Almost 34% of Argentina's urban population was described as poor at the end of 2005, with a 6.4 points drop on a year to year basis, according to the latest numbers from the official Census and Statistics Office.
The north of the country has the most depressing figures and in the opposite extreme are the City of Buenos Aires and Patagonia.
In practical terms this means that 7.9 million Argentines as the end of last December could not satisfy their minimum food, health, housing, education, transport and other basic service needs. Furthermore 12.2% of the population, 2.8 million is considered indigent which means they can't even feed adequately.
A family of four members was considered poor in Argentina at the end of 2005, when their income was below the equivalent of 269 US dollars per month, and indigent when that income was below 125 US dollars monthly.
However, poverty in Argentina has steadily diminished since the extreme 57.7% registered in October 2002, the peak of the latest financial crisis when the Argentine economy virtually melted, the banking system cracked and among other things the country defaulted on its foreign debt.

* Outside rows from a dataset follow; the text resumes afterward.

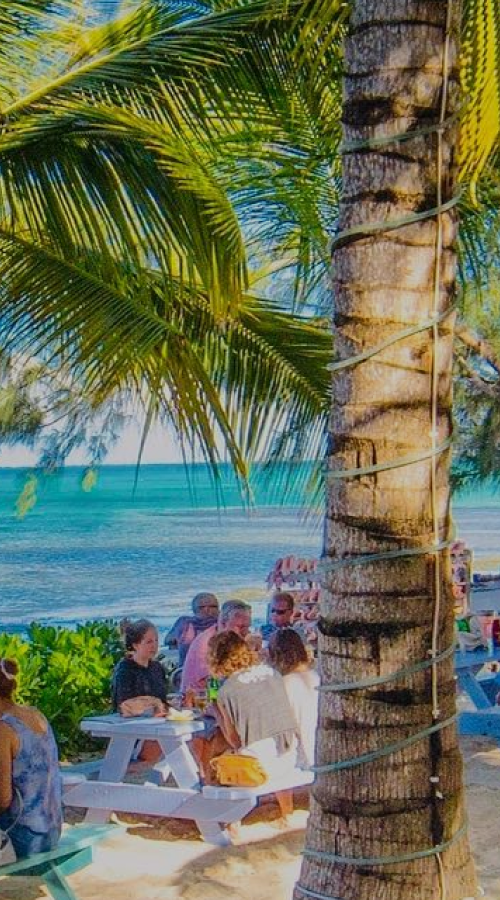 People enjoying their meals at Da Conch Shack in Turks and Caicos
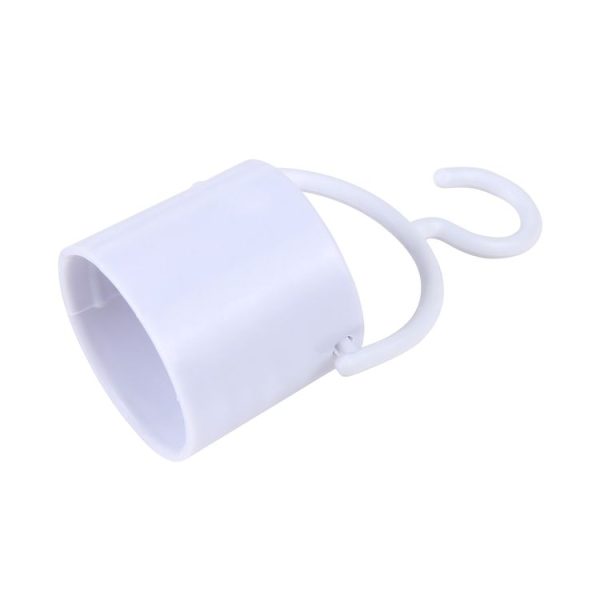 E27 Emergency Lamp Universal Lamp Holder with Hook (White) - Image 3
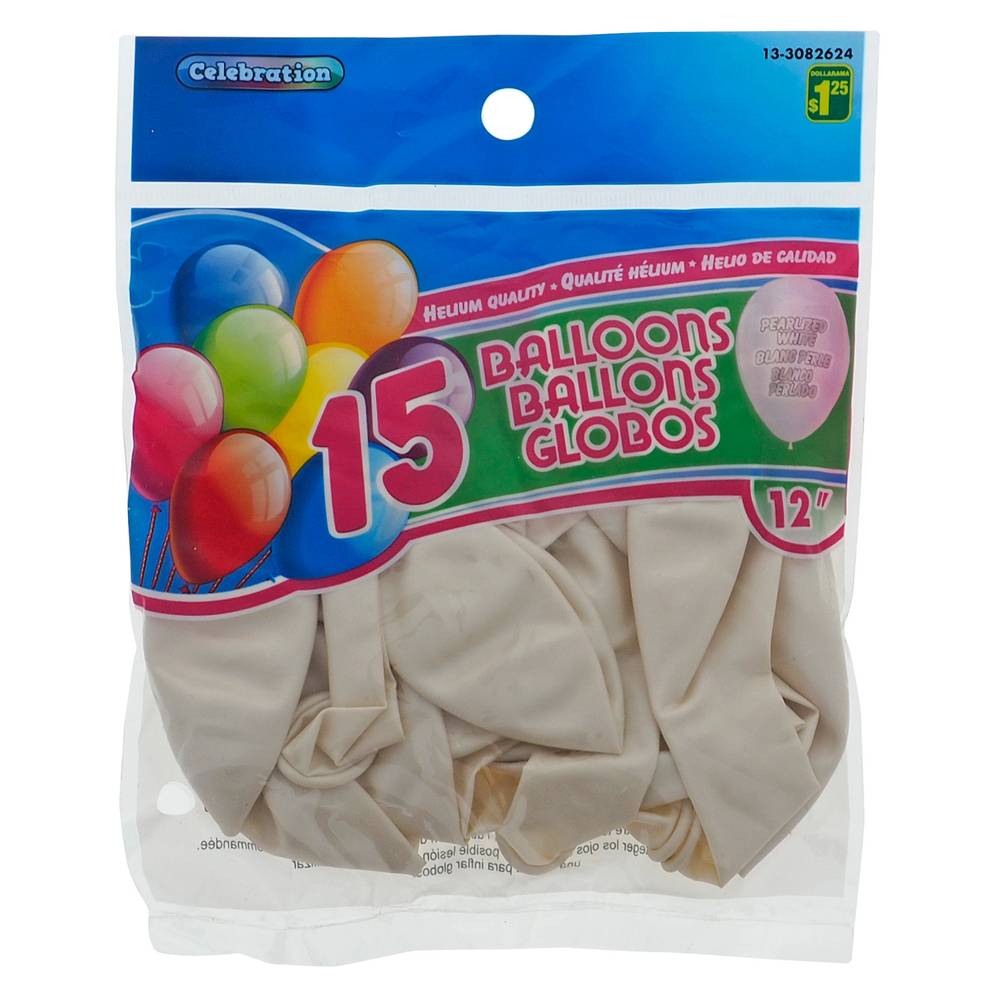 Pearlized Finish Balloons - White 20pcs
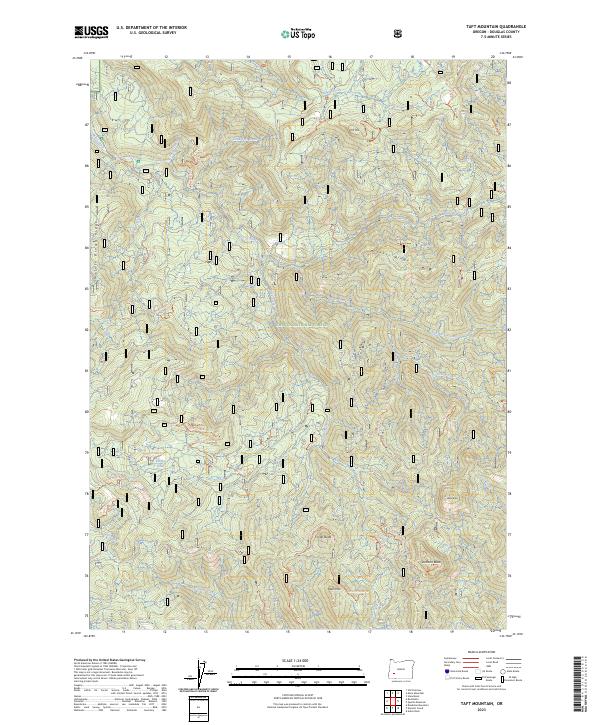 US Topo 7.5-minute map for Taft Mountain OR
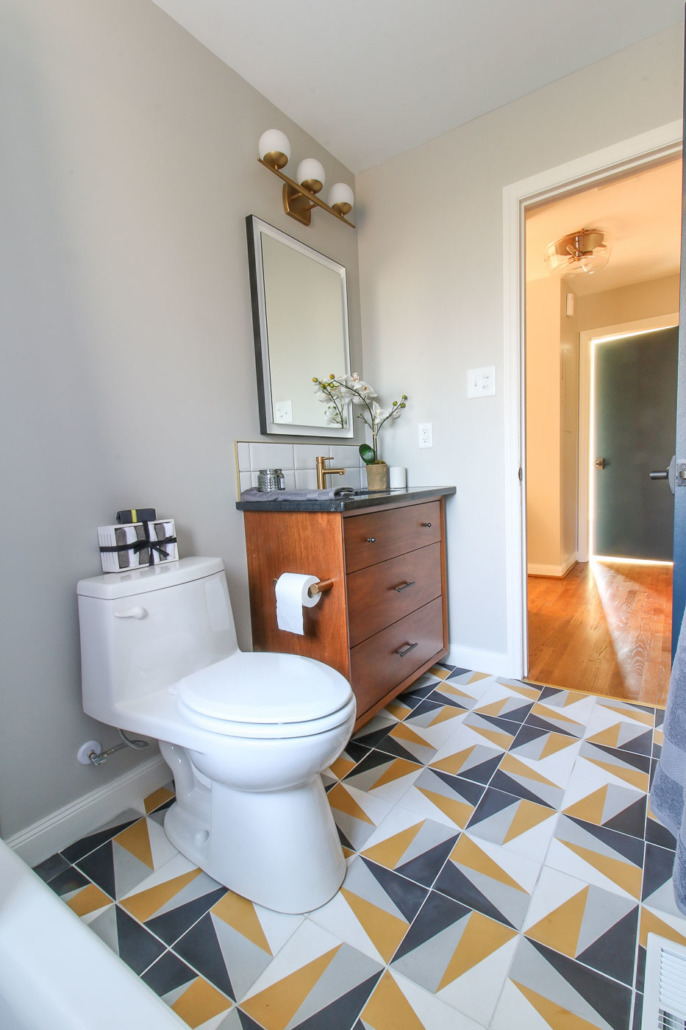 Turning a Mid-Century Modern Dresser into a Bathroom Vanity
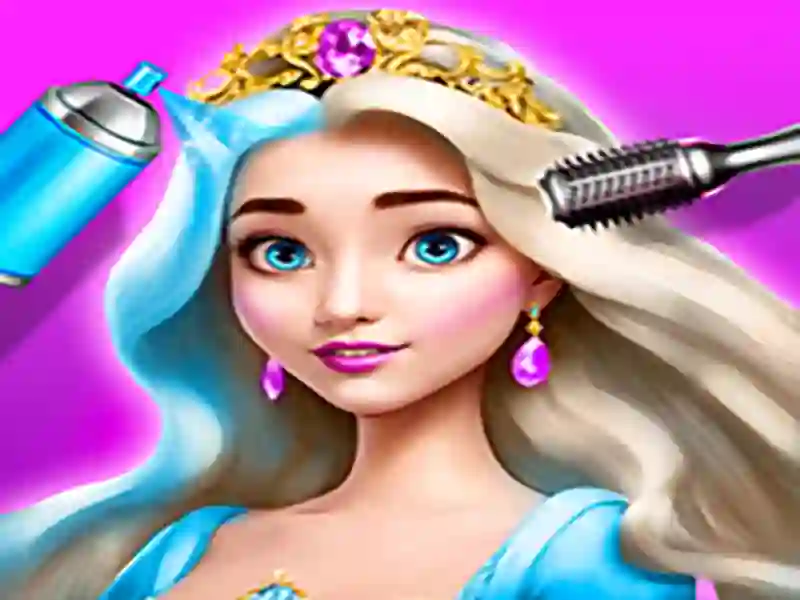 Гульня Princess Hair & Makeup Salon онлайн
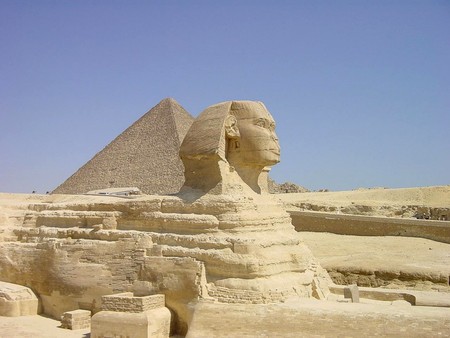 The Sphinx - giza, lion, egypt, pyramids, man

The twice a year release takes into account the 28 most populated urban conglomerates of Argentina. This is equivalent to 70% of total population, or 24.1 out of 36 million inhabitants.
Argentina's northeast region is the most stricken with a poverty rate of 54% and 22.7% indigence. In this region the worst city is Corrientes, capital of the province of Corrientes, with 56.1% poverty.
The region with lesser percentage of exclusion is Patagonia which records 21.5% poor people, followed by the Pampas with 30.7% and the city of Buenos Aires, 11.5%.